Mapping the Four Major Sinuses
The head contains four pairs of paranasal sinuses, named for the bone in which they reside. The largest are the Maxillary sinuses, located in the cheekbones beneath the eyes. These pyramid-shaped cavities are often the first affected during a common cold.
The Frontal sinuses are positioned in the forehead bone, just above the eyebrows. They are typically triangular and often separated into two distinct pockets. Inflammation within this pair usually causes pressure and pain in the forehead area.
Deep within the skull, between the eyes and behind the nose bridge, are the Ethmoid sinuses. These are a honeycomb-like collection of small air cells, located near the eye sockets and upper nasal cavity. Further back, within the sphenoid bone at the skull’s base, are the Sphenoid sinuses.
The Sphenoid sinuses are located behind the eyes and upper nasal area, near the optic nerves and the pituitary gland. All four pairs connect to the nasal cavity through narrow drainage pathways. This allows for air exchange and fluid clearance, explaining why inflammation can cause widespread facial pressure.
The Internal Structure and Lining
The interior of a healthy sinus cavity is uniformly lined with specialized respiratory mucosa. This lining is thin, slightly moist, and a pale, healthy pink color. The mucosa is an active, functional layer responsible for the sinus’s health.
This tissue is composed of ciliated pseudostratified columnar epithelium, which includes mucus-producing goblet cells. These cells secrete a thin, watery layer of mucus that traps inhaled contaminants like dust, bacteria, and allergens. The constant production of this fluid helps maintain a clean environment within the cavity.

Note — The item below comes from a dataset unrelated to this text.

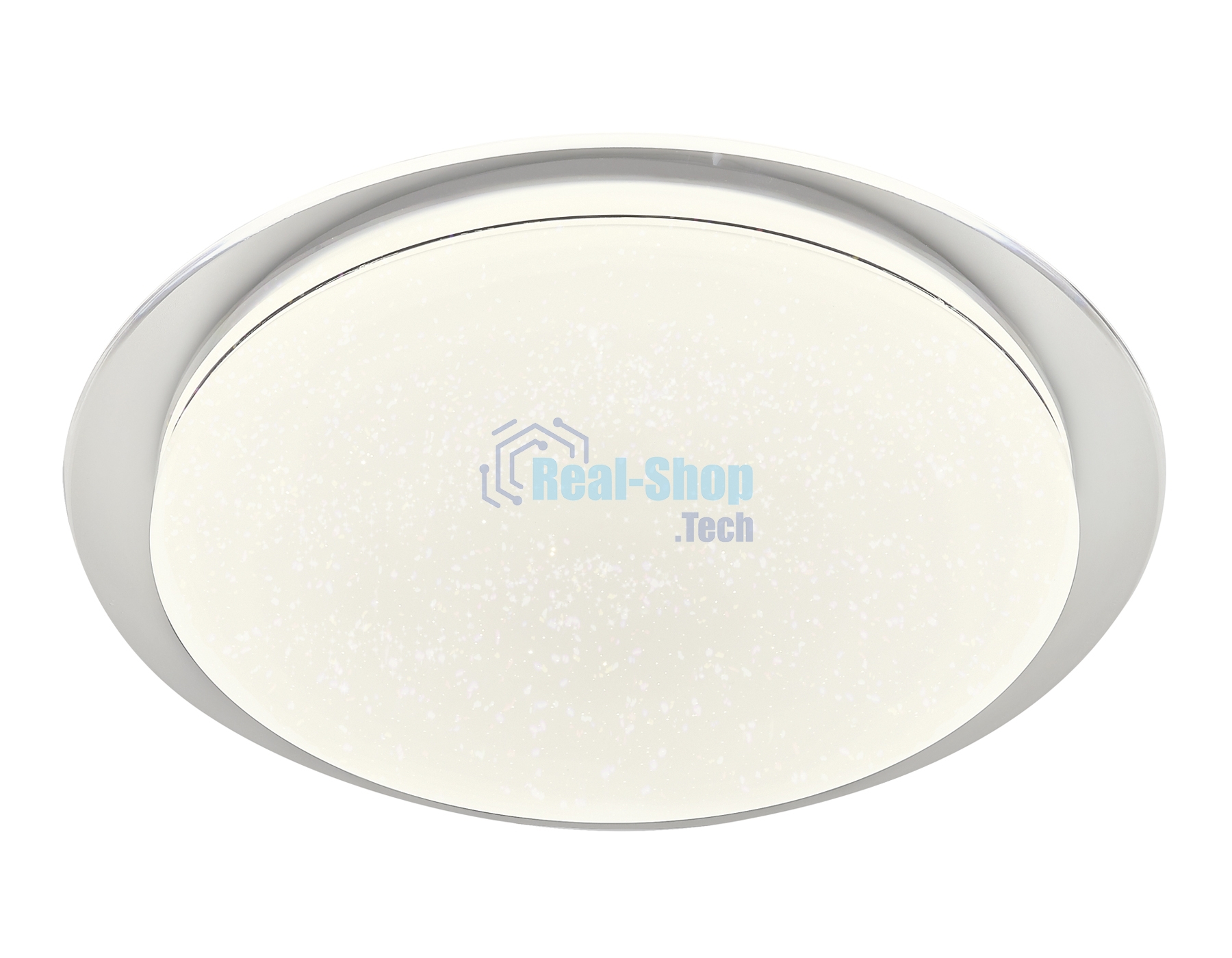 Потолочный светодиодный светильник Ambrella light FZ1047 WH белый 30W 4200K D450*55 (Без ПДУ)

Microscopic, hair-like projections called cilia protrude from the lining cells. These cilia beat in a coordinated, wave-like motion, creating a cleaning system known as the mucociliary escalator. This action steadily sweeps the layer of mucus and trapped debris toward the small drainage openings.
These openings, called ostia, are the small bottlenecks through which the sinuses connect to the nasal cavity. A healthy ostium is open and clear, allowing the mucus to drain freely into the nose. The effective function of the cilia and the patency of the ostia are what define a healthy, clear sinus interior.
Appearance Under Common Conditions
When a person is healthy, the sinus cavity is predominantly air-filled, and the mucosal lining is a non-inflamed, pale pink color. The mucus layer is thin and clear, maintaining its moisture without pooling or obstructing the drainage points. This open, air-filled state is the necessary condition for proper sinus function and drainage.
In contrast, a common condition like sinusitis, or sinus inflammation, dramatically alters the internal appearance. The first and most noticeable change is the visible thickening and swelling of the mucosal lining, a state known as edema. Due to increased blood flow and inflammation, the thin, pale pink tissue becomes visibly red and engorged.
This swelling causes the internal space of the sinus cavity to shrink, making it appear congested and closed off rather than open and air-filled. The thickened lining begins to produce an excessive amount of mucus that is often thicker and more opaque than normal. This fluid may appear yellow or green, indicating a high concentration of inflammatory cells fighting an infection.
The swollen mucosa effectively constricts the small ostia, which are already narrow by design, leading to a visible blockage of the sinus opening. This obstruction traps the accumulating thick mucus and air inside the cavity, leading to the painful pressure associated with a sinus infection.